A plausible implication is that future advances will tightly integrate device/circuit/algorithm/compiler co-design, emphasizing hybrid analog-digital dataflow, adaptive precision, variation-aware operation, and large-scale, reconfigurable in-memory compute architectures.

7. Comparative Analysis and Broader Context

Relative to traditional and near-memory computing:

• SRAM/FeFET/DRAM CiM: Srinks data-movement and logic overhead, with nonvolatility enabling more persistent storage, especially in FeFET and FeD-based platforms (Qian et al., 19 Dec 2025, Yin et al., 2024, Liu et al., 2022).

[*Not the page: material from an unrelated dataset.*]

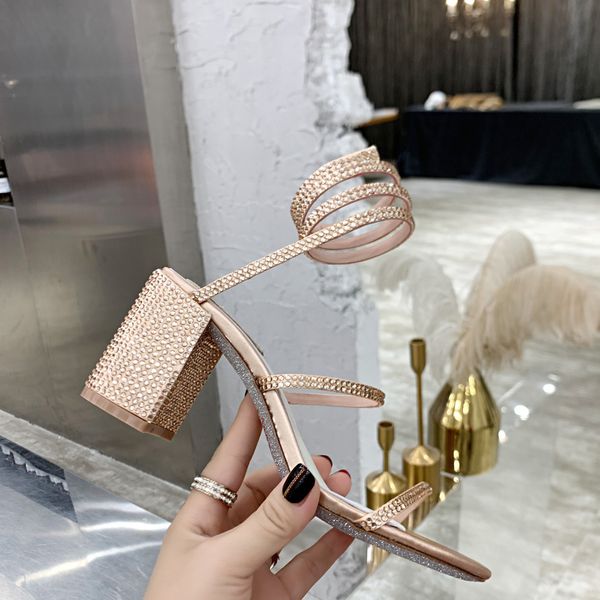 2022cleo crystals embellished chunky heels sandals 75mm rhinestone pink gold evening shoes women high heeled luxury designers wraparound dre, Black
2022cleo crystals embellished chunky heels sandals 75mm rhinestone pink gold evening shoes women high heeled luxury designers wraparound dre, Black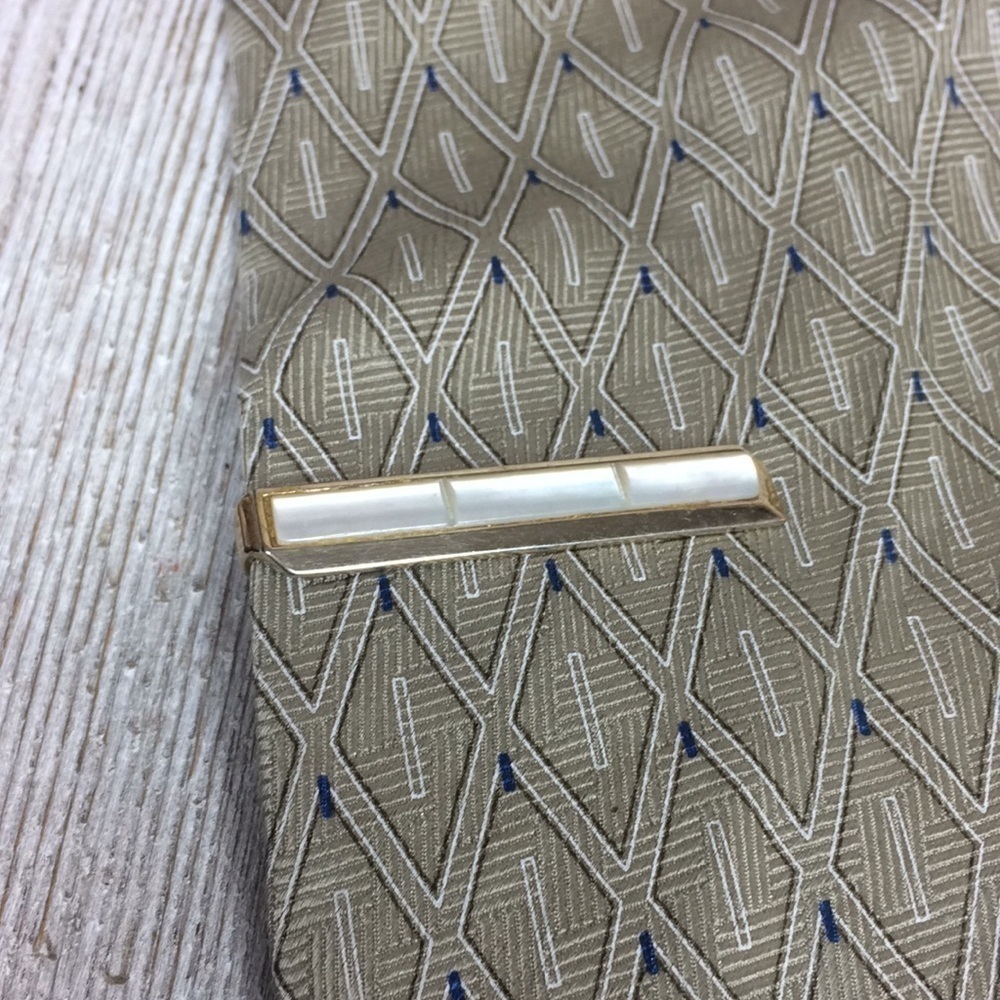Vintage Swank MC Illusion Mother of Pearl Tie Bar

• RRAM/PCM: Offers dense analog MAC but is limited by conductance variation and endurance (Lin et al., 2024, Liu et al., 2024).

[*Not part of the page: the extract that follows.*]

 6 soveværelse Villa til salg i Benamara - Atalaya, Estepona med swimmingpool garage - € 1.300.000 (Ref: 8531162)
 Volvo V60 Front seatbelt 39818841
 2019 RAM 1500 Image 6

• Programming Models: Multi-tiered compilation, dual-mode execution, and explicit ISA extensions are increasingly common and required for efficient, scalable use (Qu et al., 2024, Khan et al., 2022).

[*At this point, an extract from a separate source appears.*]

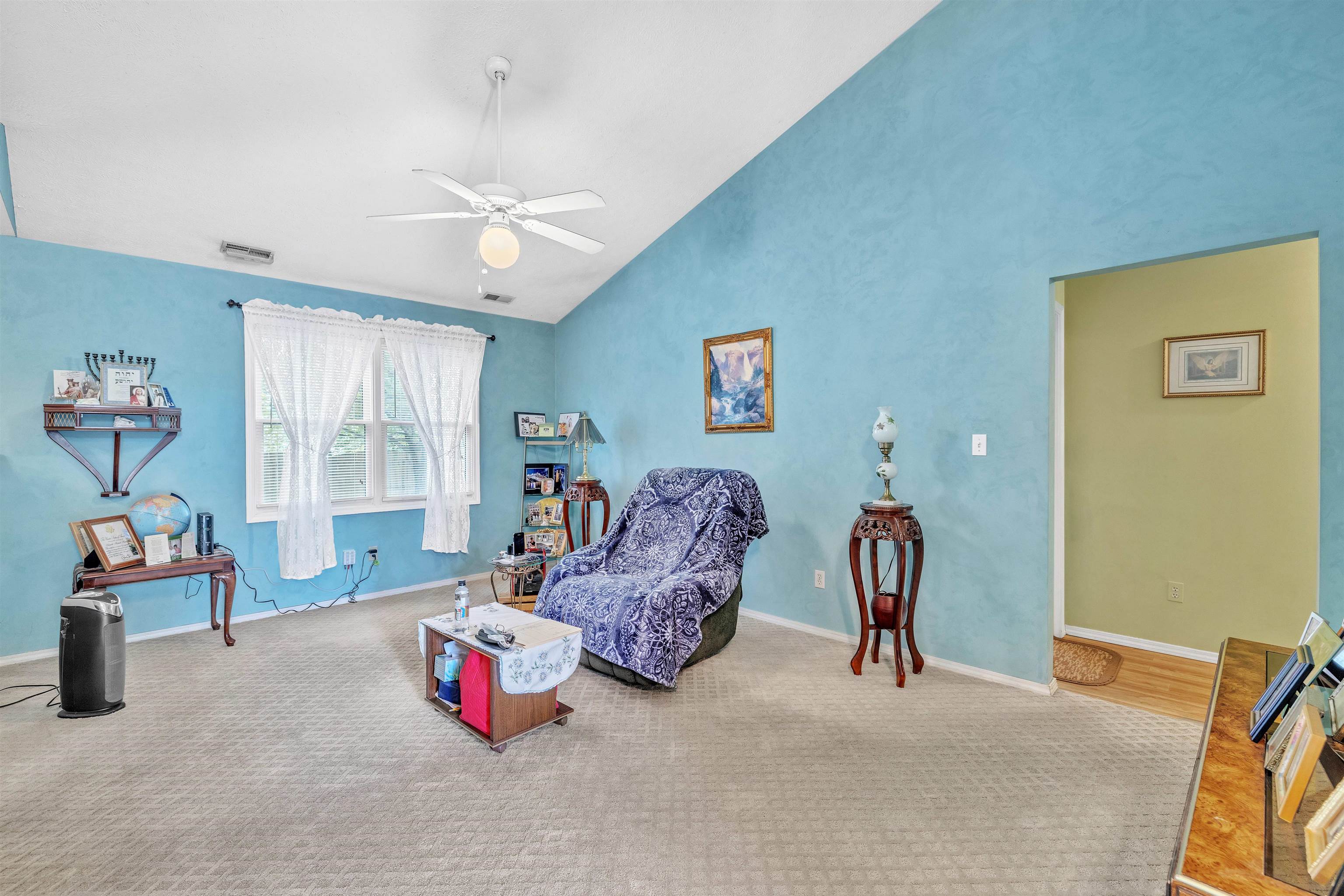 3938 Reliant Circle, Owensboro, Kentucky 42301, 3 Bedrooms Bedrooms, ,2 BathroomsBathrooms,Single Family Residence,For Sale,Reliant Circle,88194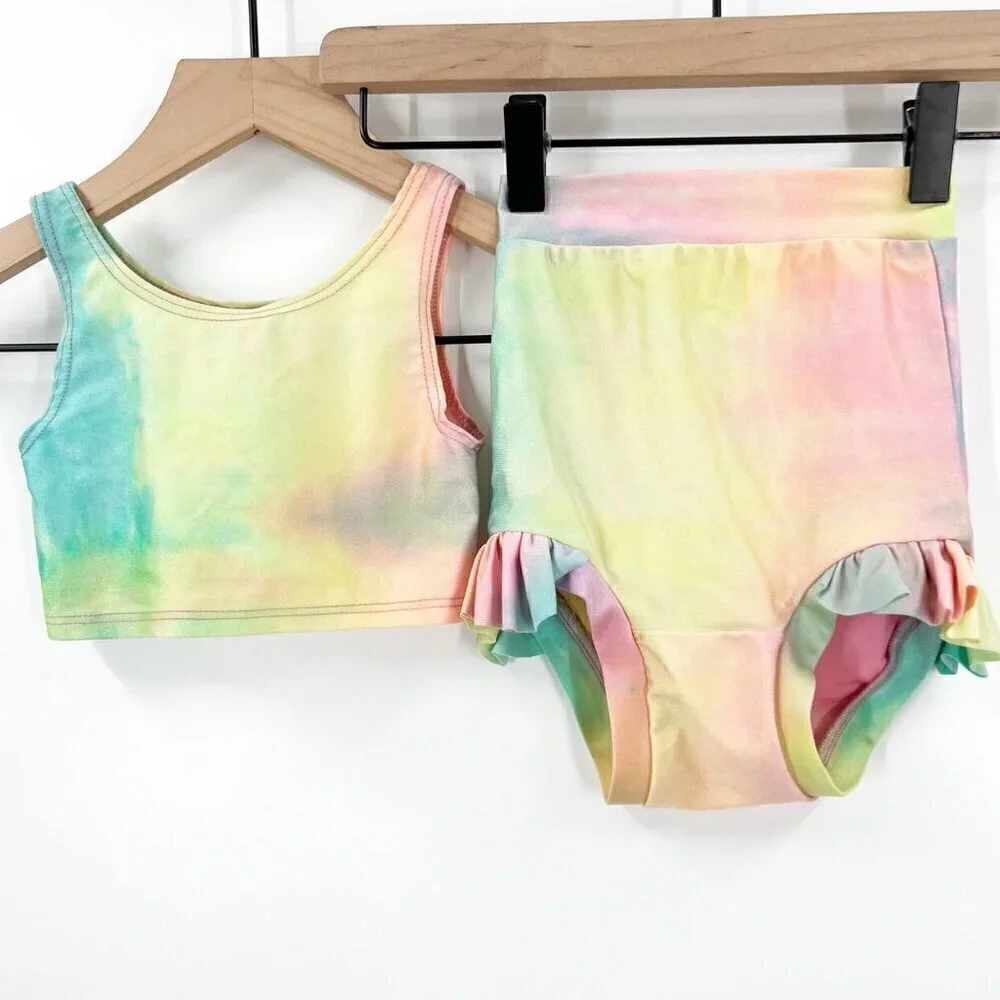 Wild Rich Kids Swim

• Applicability: Highest advantage is for regular, data-parallel, locality-rich workloads—matrix-based AI, optimization, search, and signal processing (Qian et al., 19 Dec 2025, Thakuria et al., 2024, Yoshioka et al., 2024).

Continued improvements in cell design, crossbar/core architecture, algorithmic mapping, and system-level software are anticipated to further increase practical deployment of CiM in both edge and large-scale AI workloads.